KEBIJAKAN pemerintah pusat melalui Peraturan Menteri Keuangan (PMK) No. 199 PMK.04/2019 tentang perubahan besaran nilai barang impor yang kena pajak, membuat posisi Indonesia menjadi salah satu negara dengan besaran nilai terkecil di kawasan ASEAN.
Berdasarkan PMK 199/2019 tersebut, besaran nilai barang yang dikenai pajak sebesar USD 3. Padahal sebelumnya angka itu cukup tinggi menyentuh USD 100, kemudian turun di angka USD 75 dan akhirnya akan berlaku USD 3 mulai 30 Januari 2020 mendatang.
Berdasarkan data Asosiasi Perusahaan Jasa Ekspres (Asperindo) Kota Batam, penurunan ini menempatkan Indonesia berada di urutan teratas dengan nilai barang kena pajak terkecil di ASEAN. Disusul Thailand sebesar USD 28; Vietnam USD 40; Myanmar dan Kamboja dengan nilai USD 50; dan Malaysia dengan nilai barang kena pajak sebesar USD 120.
Sekretaris Asperindo Kota Batam, Arif Budianto menuturkan, nilai barang kena pajak Indonesia juga lebih kecil jika dibandingkan negara maju macam Inggris sebesar USD 21; Kanada USD 15; dan Denmark sebesar USD 12.
Meskipun demikian, Indonesia bukanlah negara dengan nilai barang kena pajak terkecil, masih ada negara yang mematok angka lebih kecil seperti USD 2 yang diterapkan oleh Liberia, Ghana, dan Madagaskar.
“Perbedaan nilai yang ditentukan tiap negara, tentu berdasarkan pertimbangan yang sesuai dengan kepentingan masing-masing negara,” kata Arif di Batam Centre, Kamis (23/1) pagi.
Untuk Indonesia sendiri, penurunan yang dilakukan sudah dijelaskan dalam aturan tersebut.
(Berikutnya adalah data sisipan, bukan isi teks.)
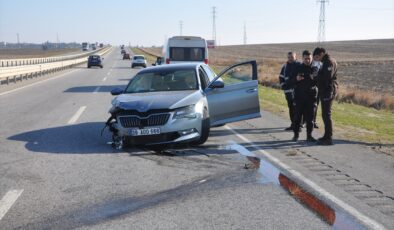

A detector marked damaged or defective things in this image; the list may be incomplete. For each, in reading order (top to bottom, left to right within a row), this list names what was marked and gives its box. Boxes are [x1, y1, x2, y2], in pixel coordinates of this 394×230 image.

damaged silver car [106, 60, 260, 148]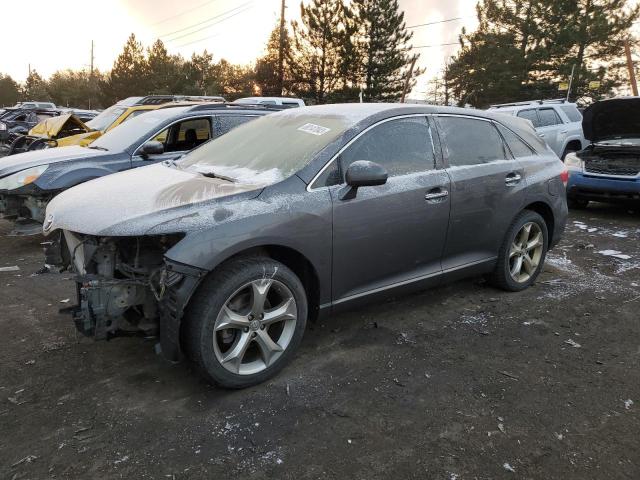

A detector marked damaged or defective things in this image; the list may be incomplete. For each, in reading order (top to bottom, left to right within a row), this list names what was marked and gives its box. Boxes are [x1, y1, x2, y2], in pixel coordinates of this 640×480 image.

crumpled front end [47, 230, 202, 360]
damaged front bumper [50, 230, 205, 360]
damaged gray suv [43, 103, 564, 388]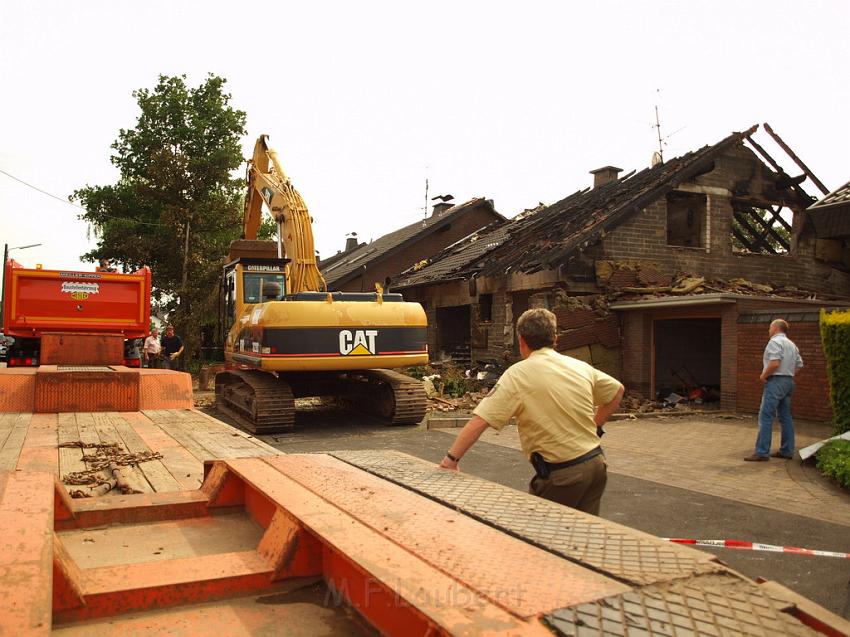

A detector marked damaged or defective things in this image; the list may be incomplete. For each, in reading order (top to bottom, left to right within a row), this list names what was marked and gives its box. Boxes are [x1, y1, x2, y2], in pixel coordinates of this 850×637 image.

burnt roof [322, 198, 500, 290]
damaged house [318, 198, 504, 292]
damaged house [392, 124, 848, 422]
broken window [664, 190, 704, 247]
broken window [728, 202, 788, 255]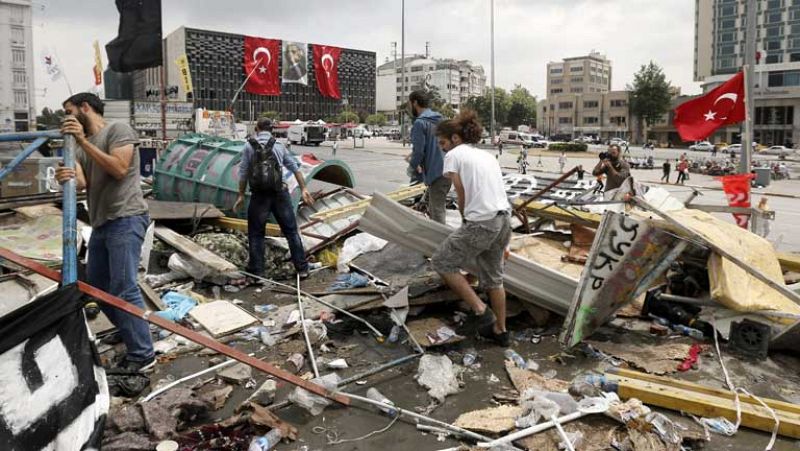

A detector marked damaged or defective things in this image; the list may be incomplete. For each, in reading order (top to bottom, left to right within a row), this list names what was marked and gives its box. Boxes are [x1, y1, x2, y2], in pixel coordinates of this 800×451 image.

broken wooden plank [145, 201, 223, 222]
broken wooden plank [152, 224, 234, 274]
broken wooden plank [188, 302, 258, 338]
broken wooden plank [608, 376, 800, 440]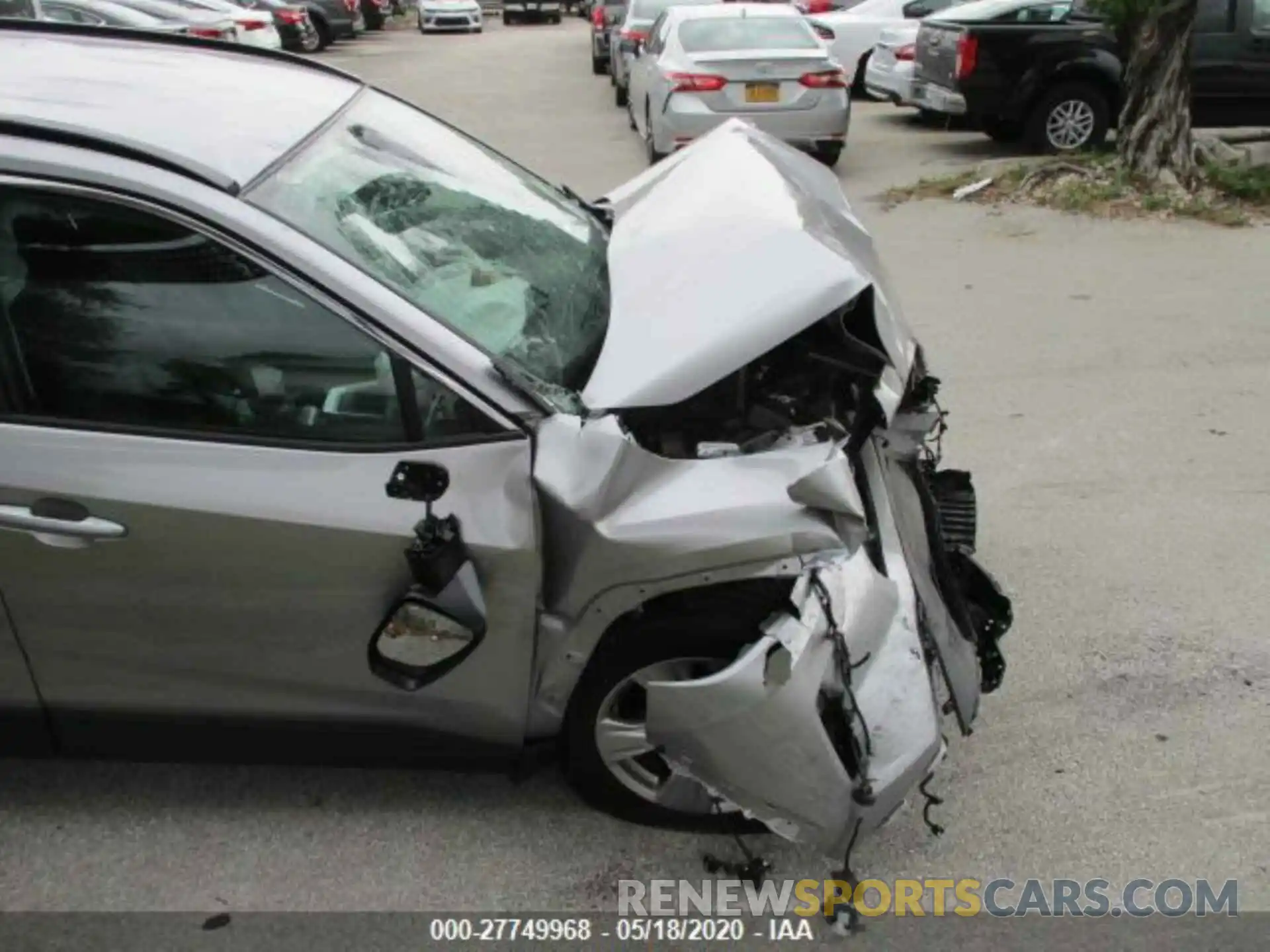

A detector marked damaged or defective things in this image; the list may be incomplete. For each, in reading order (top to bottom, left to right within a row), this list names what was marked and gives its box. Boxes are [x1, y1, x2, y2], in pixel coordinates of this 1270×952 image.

shattered windshield [247, 92, 609, 396]
crushed hood [581, 119, 919, 416]
torn sheet metal [581, 119, 919, 421]
damaged silver suv [0, 20, 1011, 863]
torn sheet metal [645, 543, 945, 857]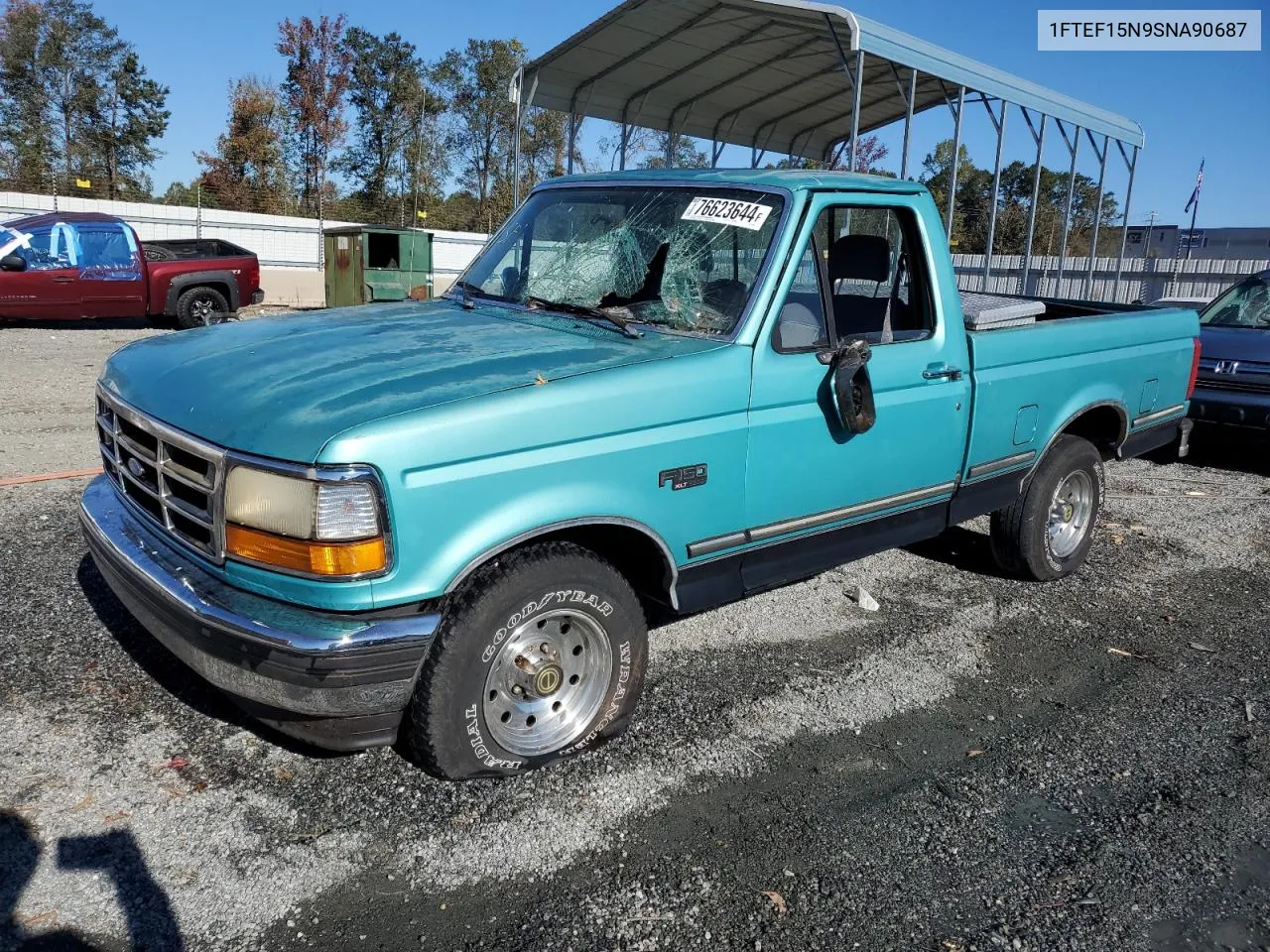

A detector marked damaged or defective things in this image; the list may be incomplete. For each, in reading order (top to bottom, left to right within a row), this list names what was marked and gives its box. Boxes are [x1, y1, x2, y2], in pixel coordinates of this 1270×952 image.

shattered windshield [451, 184, 787, 334]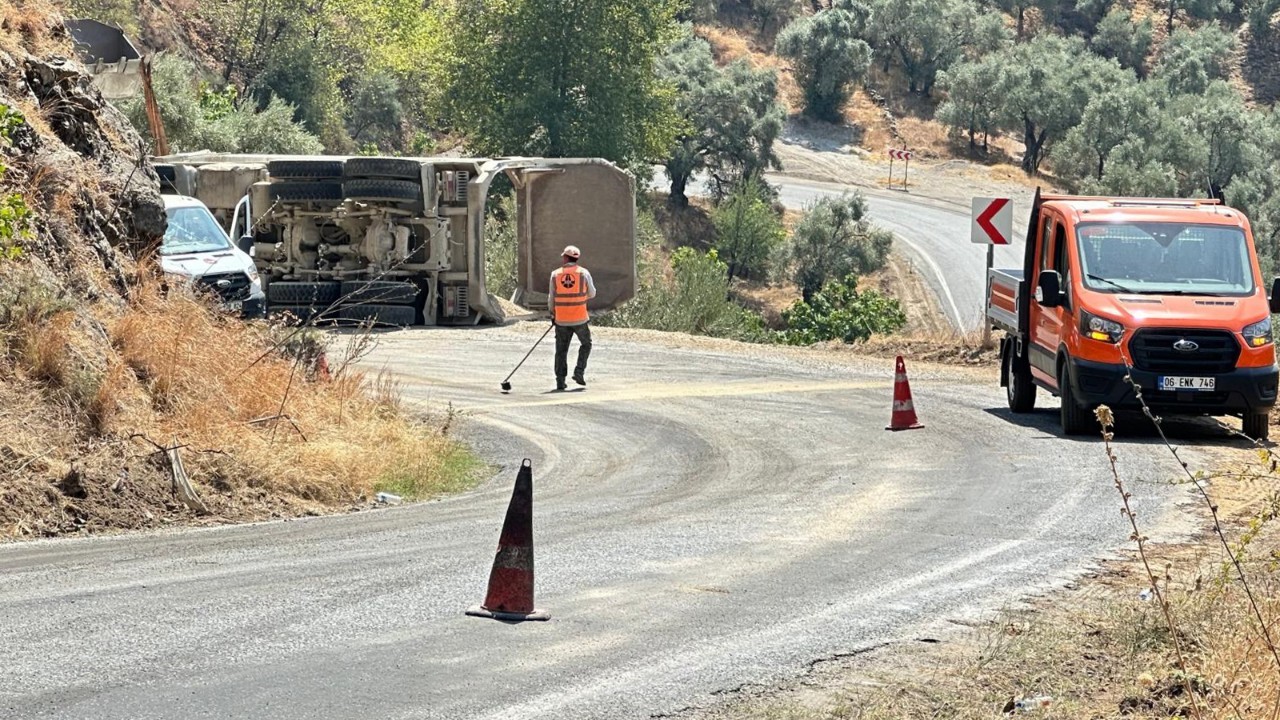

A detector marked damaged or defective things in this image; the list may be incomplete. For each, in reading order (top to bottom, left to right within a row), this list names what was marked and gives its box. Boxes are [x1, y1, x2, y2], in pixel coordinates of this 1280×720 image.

exposed tire [268, 160, 344, 180]
exposed tire [342, 158, 422, 180]
exposed tire [268, 181, 342, 204]
exposed tire [340, 179, 420, 204]
overturned truck [152, 156, 636, 328]
exposed tire [264, 280, 340, 306]
exposed tire [340, 280, 420, 306]
exposed tire [268, 304, 318, 324]
exposed tire [338, 302, 418, 328]
exposed tire [1004, 346, 1032, 414]
exposed tire [1056, 362, 1096, 436]
exposed tire [1240, 414, 1272, 442]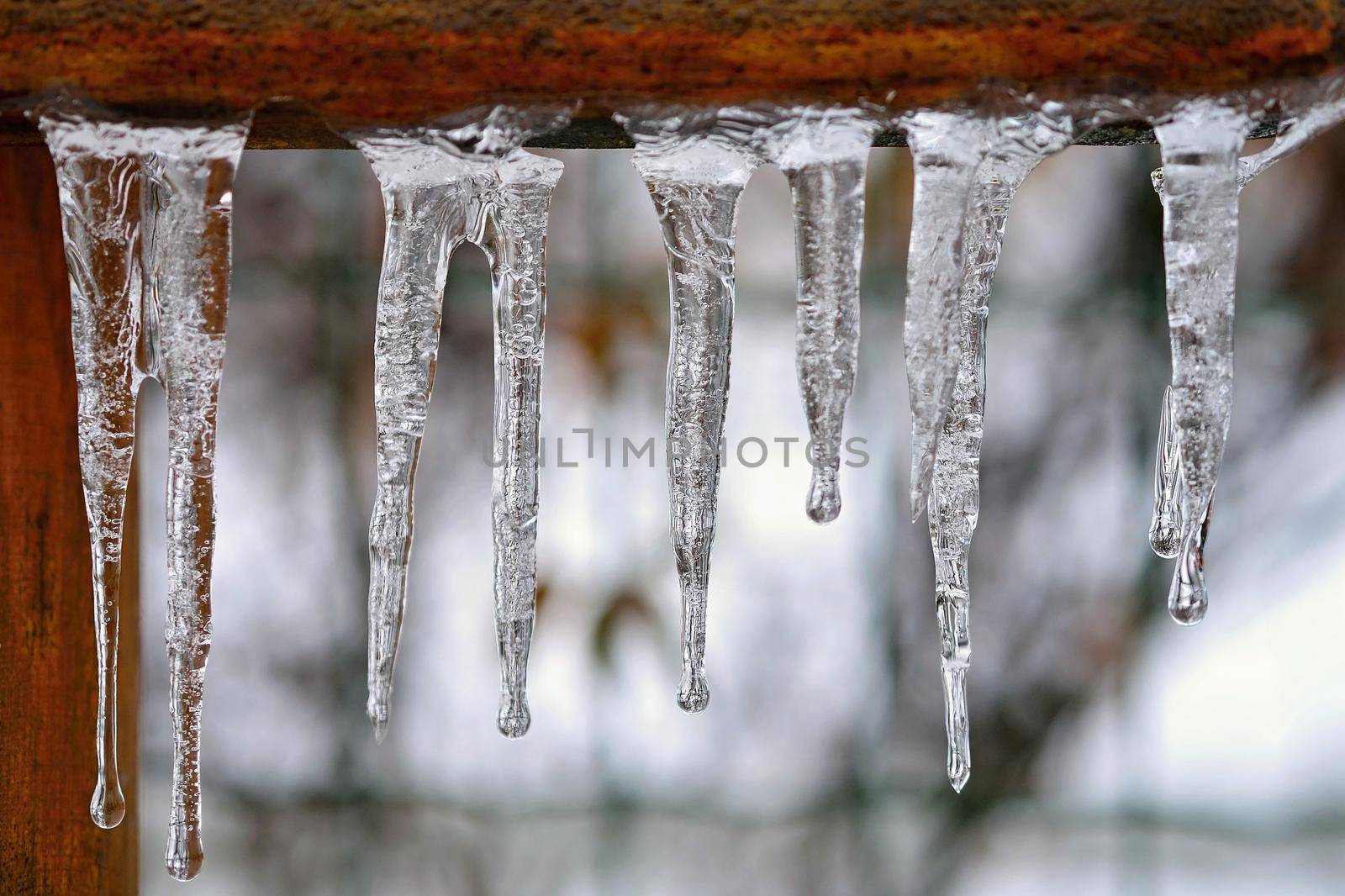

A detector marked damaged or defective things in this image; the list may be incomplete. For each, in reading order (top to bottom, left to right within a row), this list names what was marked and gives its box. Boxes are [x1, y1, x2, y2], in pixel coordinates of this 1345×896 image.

corroded metal surface [0, 1, 1338, 143]
rusty metal pipe [0, 1, 1338, 145]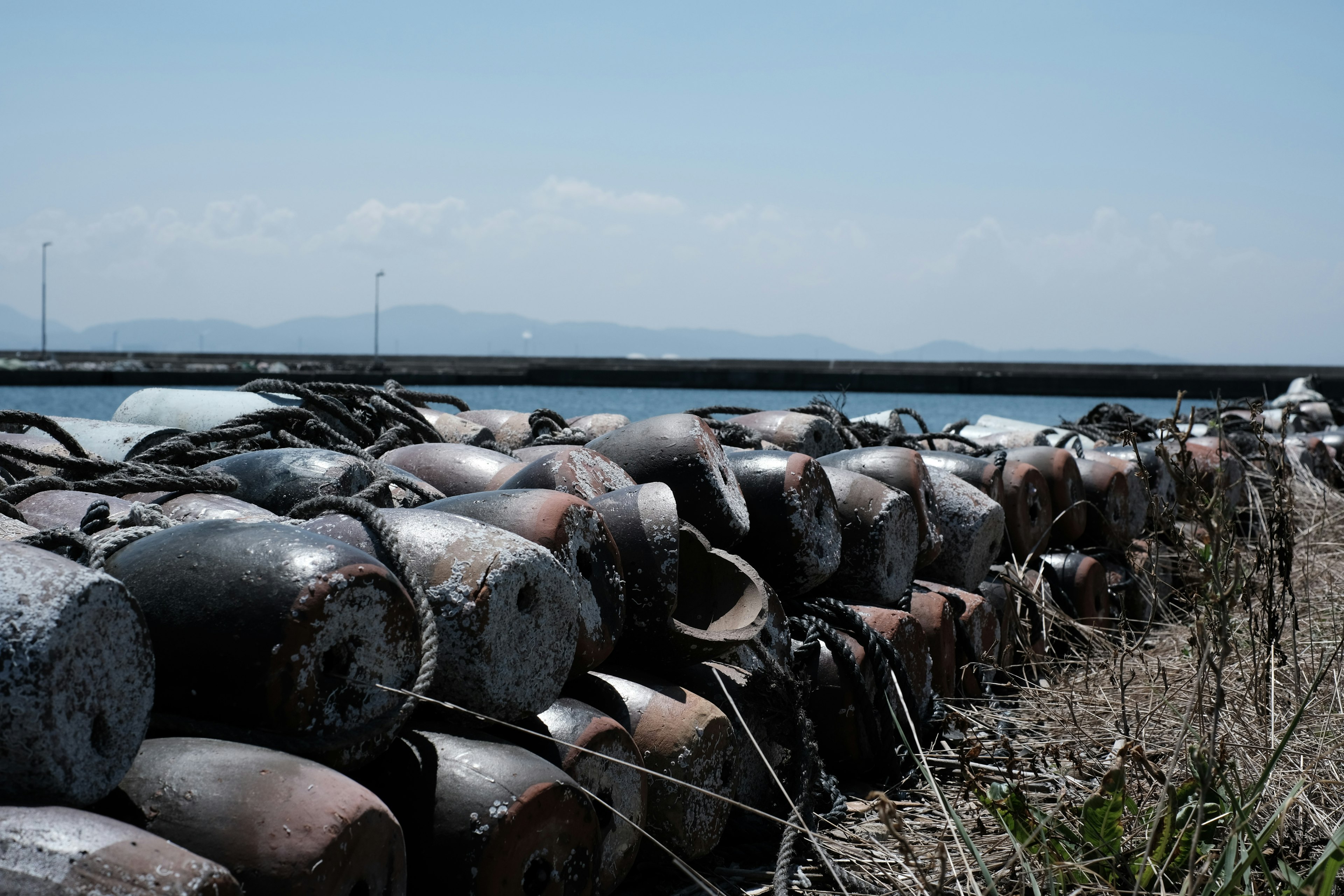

Ini untuk mendorong penguatan pada industri dalam negeri, biar bisa berkembang.
Pada prosesnya, kebijakan ini tidak sepenuhnya diterima. Utamanya dari pengusaha online di wilayah FTZ seperti Batam yang merasa akan terdampak langsung atas kebijakan ini. Mereka yang sebelumnya bisa menjual barang seharga di bawah USD 75 tanpa pajak, kini harus menyusun strategi baru karena nilai tersebut tinggal USD 3 saja.